さらに、新卒社員に対しては経営陣が自ら伴走し、入社から1年間は社長や副社長が毎月1on1でアドバイスをするミーティングを実施。本人と上司による振り返りサーベイで状況を可視化し、1人ひとりと向き合って直接アドバイスをすると共に、必要に応じて本人の成長テーマに合致した業務や環境を柔軟に検討しています」(松尾氏)
また、中長期的な支援として、半年に1度の育成会議を開催。キャリア形成や業務のアサインについて多角的に議論するほか、中長期のキャリア最大化に向けた戦略的な抜擢人事も行っている。
採用の自走サイクルが回り出すと、組織の景色が一変する
こうした取り組みの結果、入社後の社員の活躍は目覚ましいものとなっている。
新卒入社3~4年目の若手社員が予算数十億円規模のブランドのマーケティング責任者を務めたり、買収先企業の役員に就任したりする事例が生まれている。さらに20代後半から30歳頃には、子会社社長や100億円規模の事業責任者を輩出している。
採用した人材が事業の成長を直接的に牽引することで、組織全体が急拡大していくという好循環が生まれているのである。
「『集中突破の採用戦略』は、一見効率が悪いように見えるかもしれませんが、チャレンジャーの立場である以上、リソースを分散化してプロセスを平均化していっても、良い結果は生まれづらい構造にあると思います。
チャレンジャーが厳しい採用競争を勝ち抜き、組織の未来を変えるレベルの採用を実現するには、あえてリソースを要所に集中させ、徹底的に深く踏み込むことが必要です。その結果として、本質的に投資対効果の高い採用が実現できるのです。
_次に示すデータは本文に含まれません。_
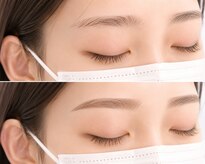 リーチェビューティアオ(riche Beauty Ao)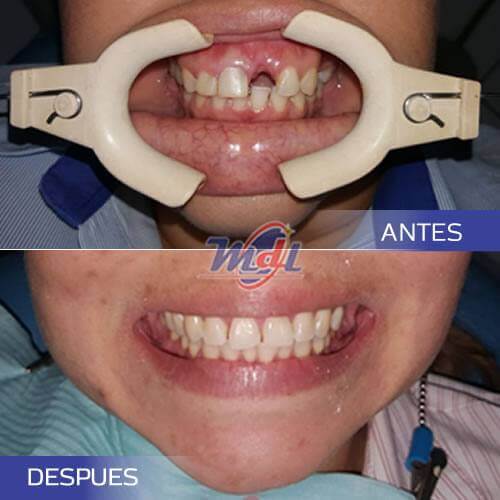 👉🏼 Obten una Sonrisa segura con IMPLANTES DENTALES 😁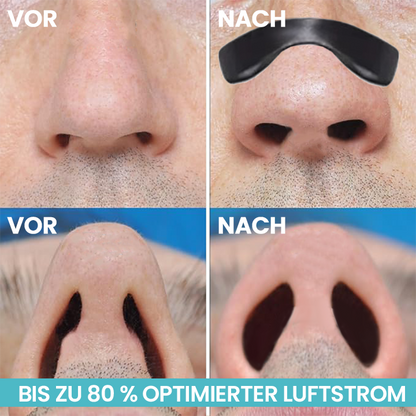 LIMETOW™ Easy Breathing magnetischer Nasenstreifen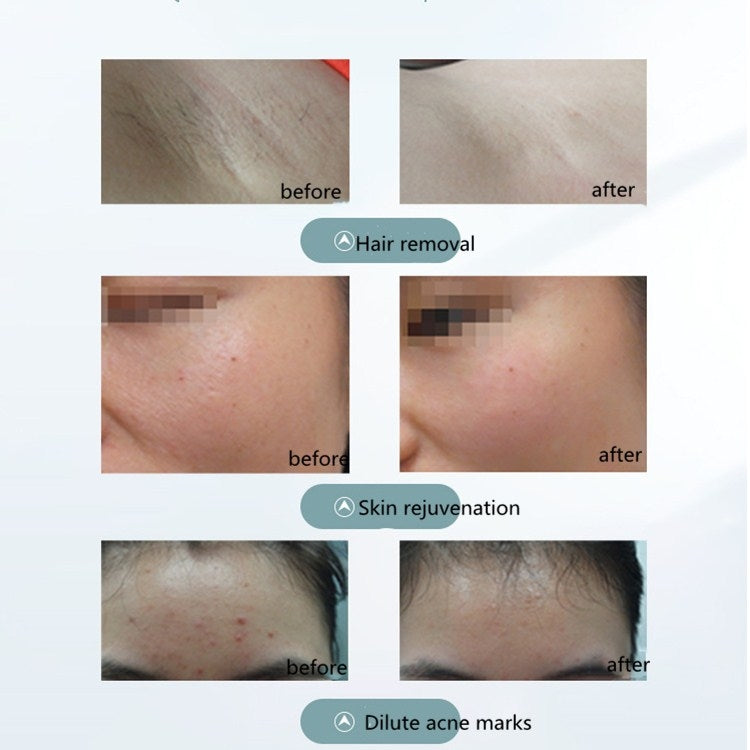 IPL Hair Remover - BeautyLand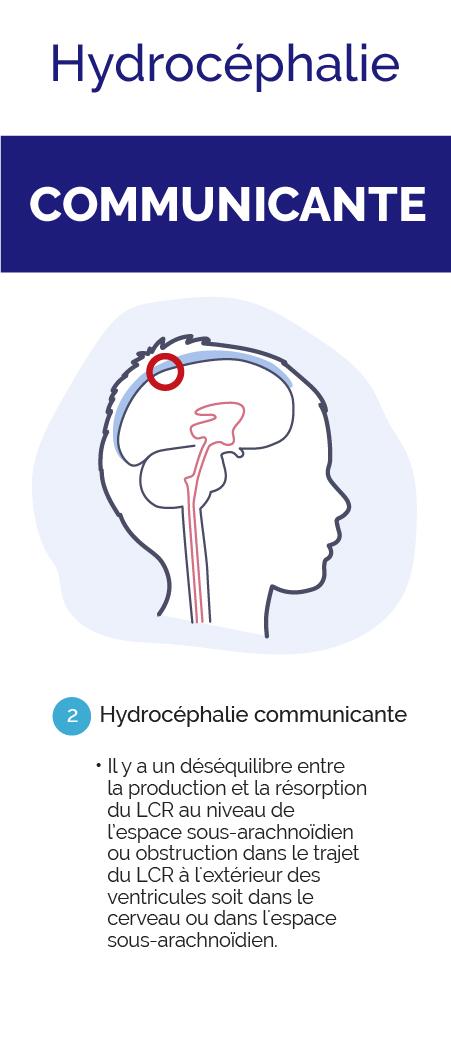 Infographie sur l'hydrocéphalie communicante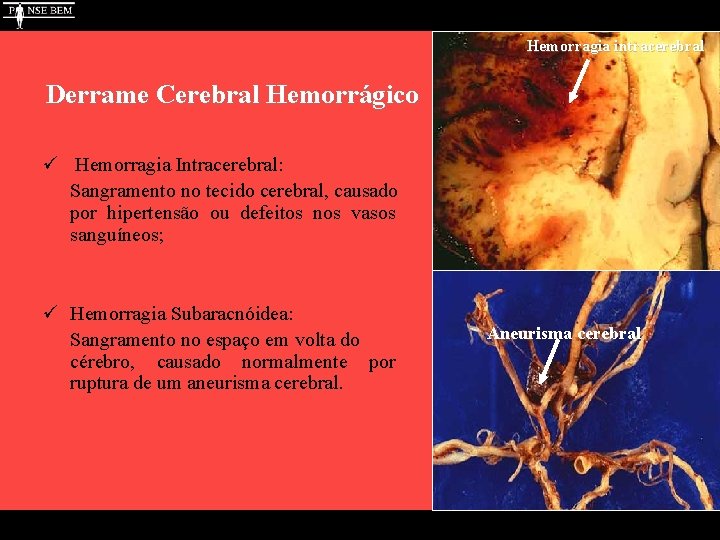 Hemorragia intracerebral Derrame Cerebral Hemorrágico ü Hemorragia Intracerebral: Sangramento no tecido cerebral, causado por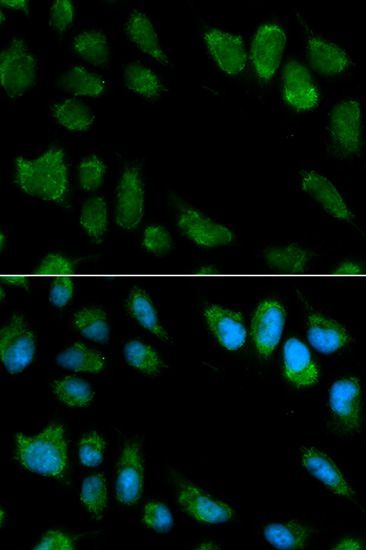Immunofluorescence - IL1RN antibody (144-02088)
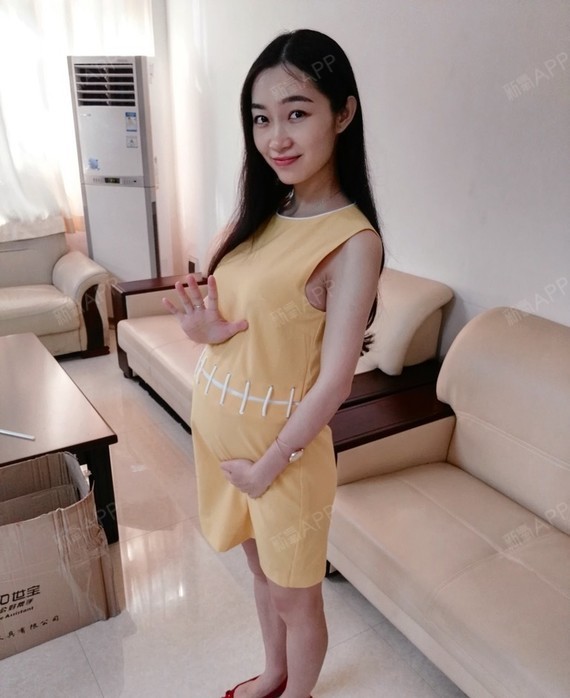 手术紧缩阴道好不好_效果图_氧气tyzc5c4手术紧缩阴道术后第184天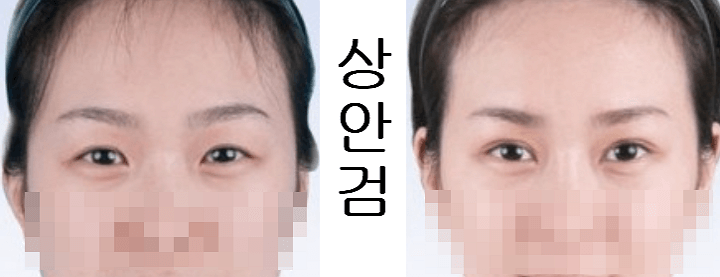 눈처짐 수술비용 생각보단 (상안검 수술 vs 눈썹하거상술)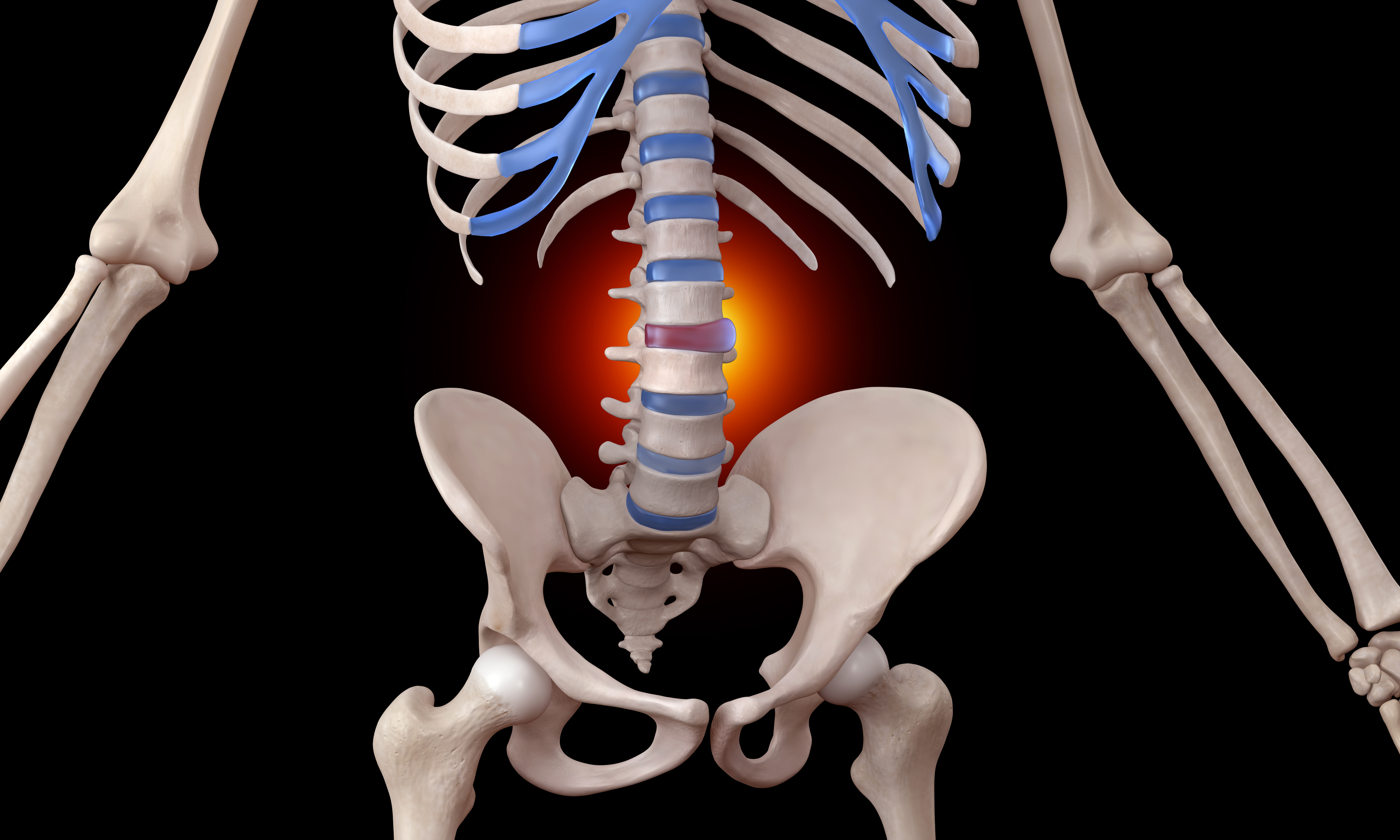 3D illustration of a disc bulge and herniation in the spine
採用はとても大変ですが、ずっと苦しいものではありません。一度良い採用が実現し、入社後に活躍しはじめると、その方々が最強のアトラクターとして、採用を共に進める強力な仲間になってくれます。そうして採用の担い手が増えていくことで、自走サイクルが回り出し、採用力が飛躍的に強化され、気づけば組織の景色は一変します」(松尾氏)
「採用は最高の成長投資」と強調する松尾氏。「当社が採用に成功できているのも、これまで採用や取り組みに関わってくださった人のおかげです」と感謝を述べてセッションを締めくくった。